The scenario of online dating is fascinating: users are more uncomfortable with this hypothetical scenario than even relying on technology to properly filling a medical prescription. Why is this? I suspect that filling a subscription or calling 911 tends to be a transactional type of conversation that involves largely exchanging facts. Meanwhile, online dating is relational and emotional. The Uncanny Valley theory discusses that, as encounters with machines approach intimate or emotional relationships, users may become increasingly wary. It may be more foreseeable that a voice assistant, using advanced processing to communicate and make decision, might be able to provide a more efficient emergency hotline than 911 currently provides.

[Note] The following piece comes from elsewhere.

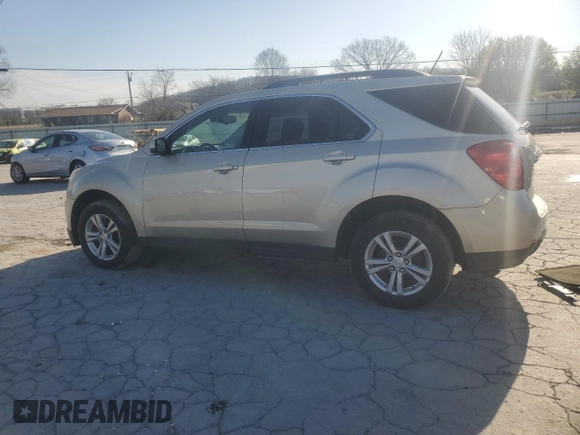 2014 Chevrolet Equinox LT with VIN 1GNALBEK6EZ102141, listed as a Copart auction lot 50370955 with 144,606 mi miles and Salvage Title. Bid and sale history available at carsss.com. Image 2.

There was no general consensus on whether products should include disclaimers, whether ethical guidelines should be context specific or blanket statements, or whether participants would like voice assistants to sound like human. Shown below, it is clear that there was a wide range of answers.

The first open ended question asked participants if they had specific concerns about voice assistants that could mimic human speech. The biggest concern raised was on the topic of data privacy and crime. Participants are concerned about crimes such as scams, phishing, and identity fraud. There were also concerns for how it could increase the amount of spam, telemarketing, and ads users are exposed to. About a quarter of the participants did not think there were any particular issues that could come from this technology, apart from the loss of jobs. Another quarter stated that they would choose to not interact with such a technology at all. A few participants stated that there should be clear disclaimers from voice assistants, but that they were interested in seeing the industry progress.

The second open-ended question asked participants to list ideas they might have for controlling or lowering risks of this technology. This question yielded the most interesting and diverse set of answers in the entirety of the survey. Answers included specific steps, such as disclaimers, government intervention, and beholding companies to guidelines and rigorous testing. There were also a large number of responses that voiced concerns that there was no way to lower risk and that we might face a future in which AI becomes more intelligent than humans.

A key insight was that multiple participants stated that they wouldn't have been aware of these potential problems had they not experienced being “tricked” by Google Duplex. Companies can do a great deal through design and PR messaging to negate ethical concerns from the public, but when users find out, they feel disconcerted.


Recommendations

Remember that my experiment is limited. I had 405 participants, I analyzed reactions to 1 gender (male), and explored just 1 specific conversation script (booking a restaurant table). However, I recommend the following guidelines to HCI researchers and industry designers.

Use voices that sound human, but be transparent. Users genuinely like the feature of a human-sounding voice and it can be a cost effective way to design a delightful experience. But approval ratings fall when users feel tricked. It can lower trust in a brand and may have long-standing societal impact in how we communicate. Provide disclaimers in a simple and comprehensible way.

Be context specific. Checking the news, booking a restaurant table, and taking an online class— these uses of the technology users are A OK. But avoid high risk scenarios such as making a voice assistant as an alternative to emergency response or a doctor. Emotional contexts, such as in online dating, are tricky. We need a lot more research before release anything on the market. Users were generally against seeing technology become relational, and were more interested in “just getting things done.”

Ask your users. Do your user research before releasing something on the market. Just because you can make something, doesn't mean you should. The Google Duplex case is an example we can all learn from.

Have user interest in mind. With new technologies, users can't always understand dangers. It's up to tech companies to have their best interests in mind. Many of the respondents voiced concerns that tech companies would enforce whatever ethical or design standards they were inclined towards, without proper planning.